The founders of our country believed that the American people would avoid this fate by avoiding the dangers of political faction (Federalist 10,) which facilitates the elevation of electability over suitability, and by appealing to the civic spirit of the citizenry. Further, they designed a system in which competing centers of power would "check" individual ambition. They also wrote into the founding law a series of prohibitions to prevent the government from taking steps toward autocracy. It is not for nothing that the Bill of Rights begins with "Congress shall make no law..."
Good government requires a sufficient degree of knowledge and understanding, and democracy in particular presupposes a competent citizenry. The founders hoped that by practice and education, the voters could be elevated to be competent governors of their state. Benjamin Franklin, being immensely experienced (and also among the wisest observers of human nature and governance that ever lived) thought that such optimism was laudable, but questionable over the long term. This is the basis of his answer when asked what sort of government the new nation had been given, replied, "A republic. If you can keep it."

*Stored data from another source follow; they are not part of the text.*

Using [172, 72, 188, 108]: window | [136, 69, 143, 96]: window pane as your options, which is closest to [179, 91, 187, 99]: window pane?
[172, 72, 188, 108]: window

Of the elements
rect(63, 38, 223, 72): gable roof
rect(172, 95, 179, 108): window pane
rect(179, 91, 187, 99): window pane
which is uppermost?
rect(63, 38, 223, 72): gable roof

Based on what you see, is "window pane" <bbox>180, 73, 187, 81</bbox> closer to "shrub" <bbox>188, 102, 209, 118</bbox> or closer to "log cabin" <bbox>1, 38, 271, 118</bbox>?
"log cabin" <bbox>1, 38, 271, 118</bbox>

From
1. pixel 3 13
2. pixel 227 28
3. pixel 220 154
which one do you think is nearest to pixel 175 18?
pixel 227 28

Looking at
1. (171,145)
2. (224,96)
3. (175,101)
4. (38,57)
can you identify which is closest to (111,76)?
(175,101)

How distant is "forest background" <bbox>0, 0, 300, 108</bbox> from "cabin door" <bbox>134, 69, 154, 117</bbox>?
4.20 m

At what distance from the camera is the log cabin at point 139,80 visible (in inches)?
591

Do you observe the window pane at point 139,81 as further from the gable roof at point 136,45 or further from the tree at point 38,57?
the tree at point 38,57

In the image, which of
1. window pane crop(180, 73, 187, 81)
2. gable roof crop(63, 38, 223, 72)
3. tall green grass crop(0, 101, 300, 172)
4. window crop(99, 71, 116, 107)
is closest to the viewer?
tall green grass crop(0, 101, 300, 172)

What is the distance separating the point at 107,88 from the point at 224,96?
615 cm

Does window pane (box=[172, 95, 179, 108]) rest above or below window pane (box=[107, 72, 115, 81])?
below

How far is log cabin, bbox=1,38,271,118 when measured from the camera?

We have been coasting on the intellectual momentum of the Enlightenment for 300 years now. Our voting public is subject to emotional manipulation on a mass scale, and with expertise that our founders could not have envisioned. The speed of communication, and the factionalism that has been encouraged by those hungry for power has rendered our state largely ungovernable. The consequences - and the likely future - is plain to see for anyone with a grasp of history.
What is required is new thinking - an intellectual renaissance equal to that which brought us Voltaire, Diderot, D'Alembert, Montesquieu, Hume, Jefferson, Mendelssohn and Kant. We need new answers, and we need them now. The old answers are insufficient for our world. We must seek, find, and implement a new way of thinking. Now.